Outros nomes que brilham são: Maria Fernanda Cândido, que representa bem o papel da Elza, a mulher que orienta Marcelo a fugir. Hermila Guedes brilha como Claudia, uma colega de Marcelo na Pensão de Dona Sebastiana, com quem ele chega a manter uma relação amorosa e procura também dá um bom suporte emocional para ele nessa situação adversa que ele vem passando como um fora da lei procurado pelos agentes do Governo Militar.  Alice Carvalho brilha na pele da Fátima, esposa de Marcelo que aparece num flashback, visto que fica subentendido que ela havia morrido a mando de Ghirotti.

O Ghirotti que é muito bem representado por Luciano Chirolli, um sujeito com um nível de prepotência sem limites, principalmente para mandar contratar agentes do governo para eliminar como a dupla formada por Bobbi e Augusto, muito bem representado  pelos atores Gabriel Leone e Roney Villela.

Também mencionar a participação internacional do alemão Udo Kier*, que mostra um ótimo desempenho na pele do comerciante Hans, um judeu que viveu os horrores no nazismo na Alemanha durante a Segunda Guerra Mundial.

Outras participações internacionais no filme são da portuguesa Isabél Zuaa e do angolano Licínio Januário que representam o papel do casal angolano Thereza Vitória e António que vivem na Pensão de Dona Sebastiana, fazendo companhia a Marcelo.

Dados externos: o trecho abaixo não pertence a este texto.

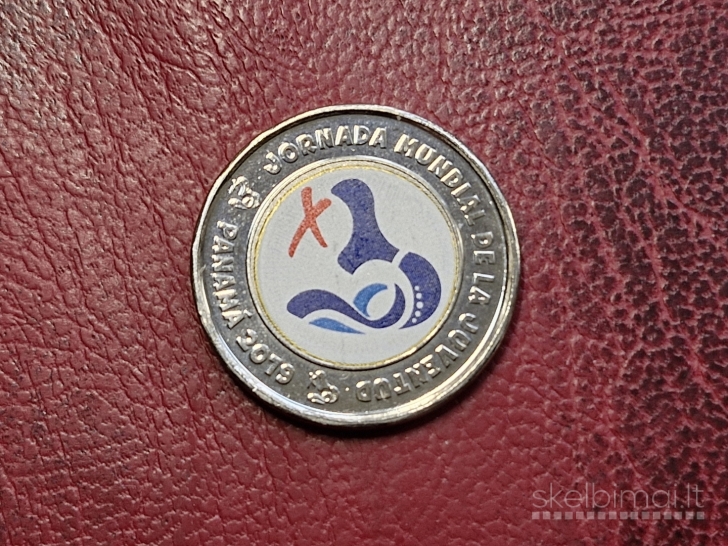 Panama 1 balboa, 2019 UC# 200 jaunimo diena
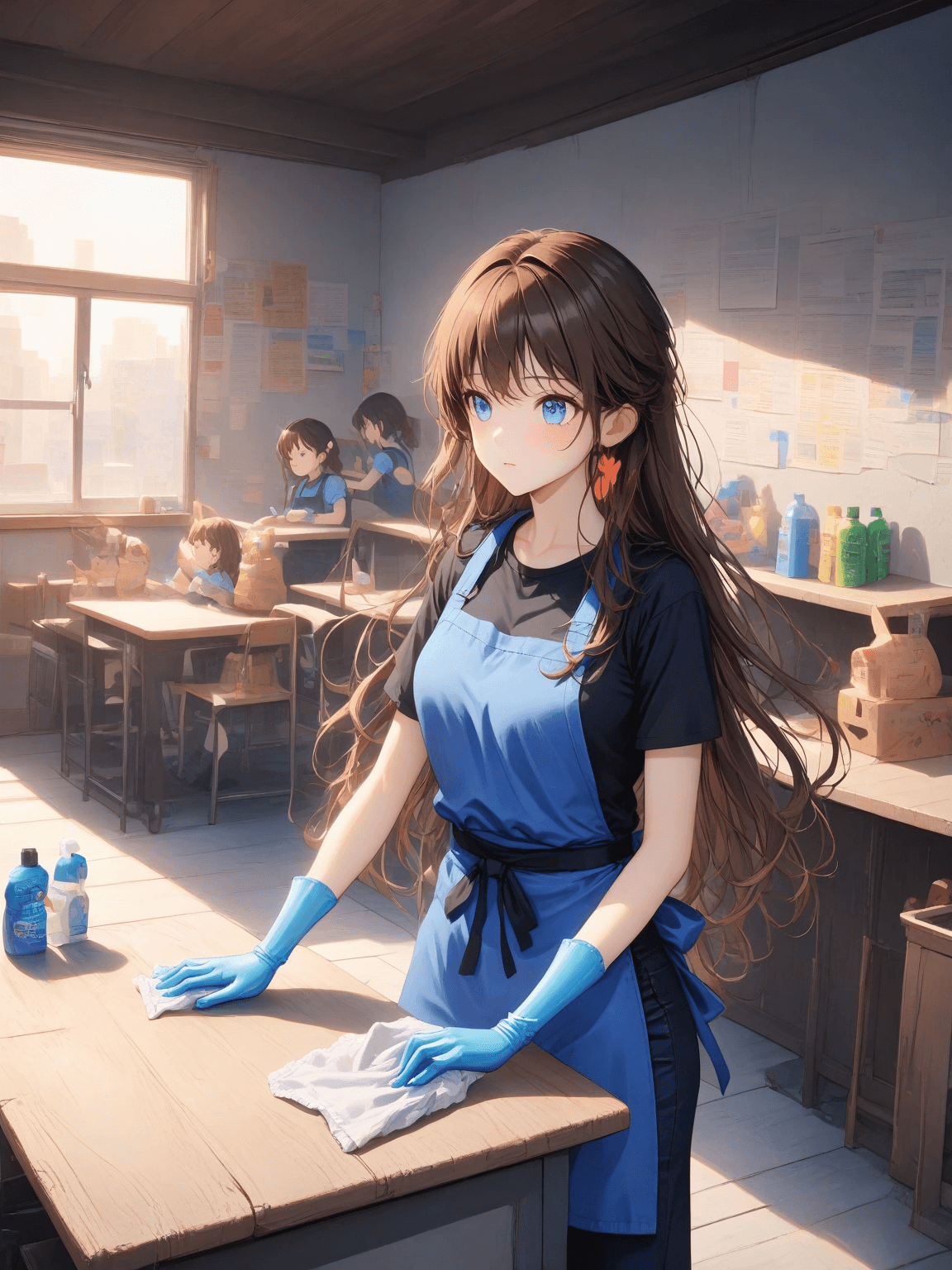 Thumbnail of Сестры уборщика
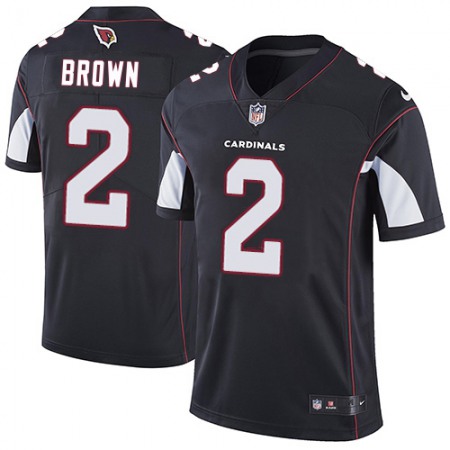 Nike Cardinals #2 Marquise Brown Black Alternate Youth Stitched NFL Vapor Untouchable Limited Jersey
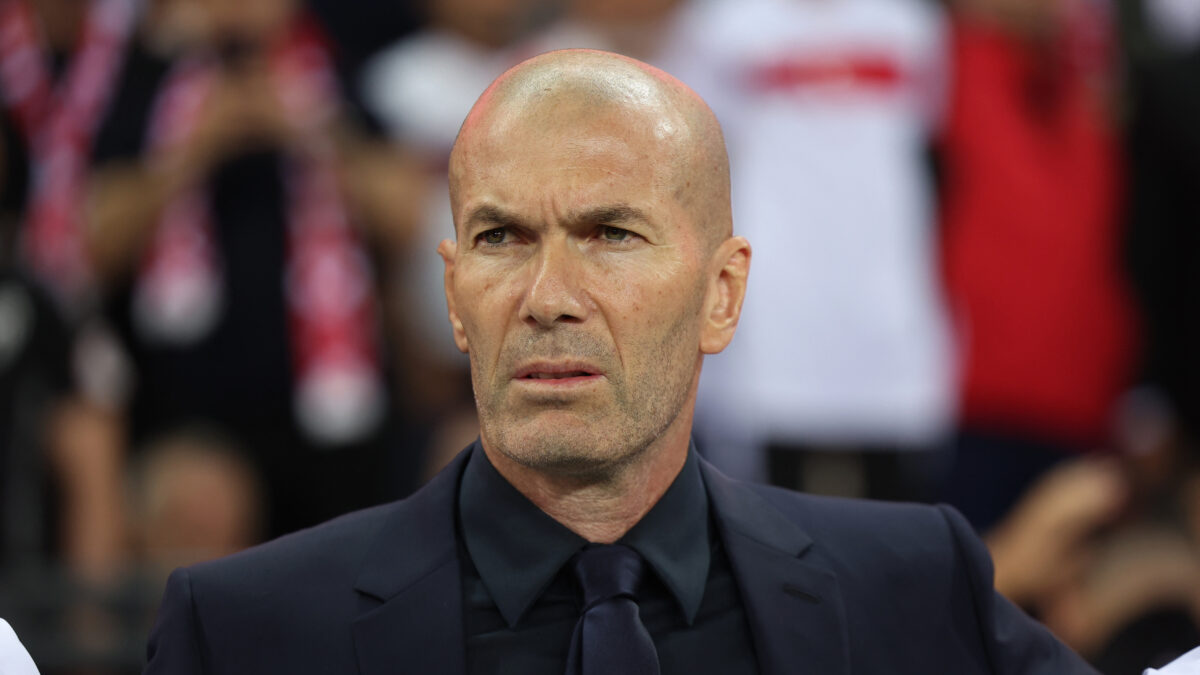 Soccer Football - Nations League - Group A - Turkey v France - Kocaeli Stadium, Kocaeli, Turkey - September 25, 2026 France coach Zinedine Zidane before the match REUTERS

Eles são um casal que estava fugindo do cenário conflituoso de guerra civil que estava ocorrendo em Angola, desde sua declaração de independência de Portugal, e estavam se preparando para pedirem asilo na Suécia.

E mencionar o ótimo apuro técnico da produção de recriar uma Recife Retrô do final dos anos 1970. Mostrando a panorâmica da ruas com o povo dirigindo carros como o Opala, um Fusca, uma Brasília, vestindo trajes bem típicos que eram as modas da época e cortes de cabelos que estava na moda.

Fora a homenagem metalinguística aos cinemas de bairro, com referências a Tubarão (1975) e A Profecia(1976).

Num balanço geral, a obra de O Agente Secreto é um ótimo filme thriller  de suspense que usa de elementos fantasiosos como o sobrenatural que não é jogado, está encaixado no contexto,  tratando de abordar a temática sobre a politica brasileira naquela fase final da repressão da Ditadura Militar.

Um filme que escancara a hipócrita omissão do nosso Governo Brasileiro  quantos aos crimes cometidos na Ditadura e que agora estão sendo punidos severamente.

*O ator Udo Kier faleceu em 23 de Novembro de 2025, aos 81 anos. Quando já haviam passado  quatro semanas após o filme entrar em cartaz nos cinemas. Ele já carregava uma longa filmografia onde já havia estrelado produções dos mais conceituados cineastas. E já tinha participado de outra produção dirigida por Kleber Mendonça Filho que foi em Bacurau(2019) onde representou o Michael, o psicopata assassino que comanda uma milicia dos Estados Unidos contratado pelo prefeito Tony Júnior para matar o povoado de Bacurau. Sua participação como o Hans em O Agente Secreto o seu último papel da carreira.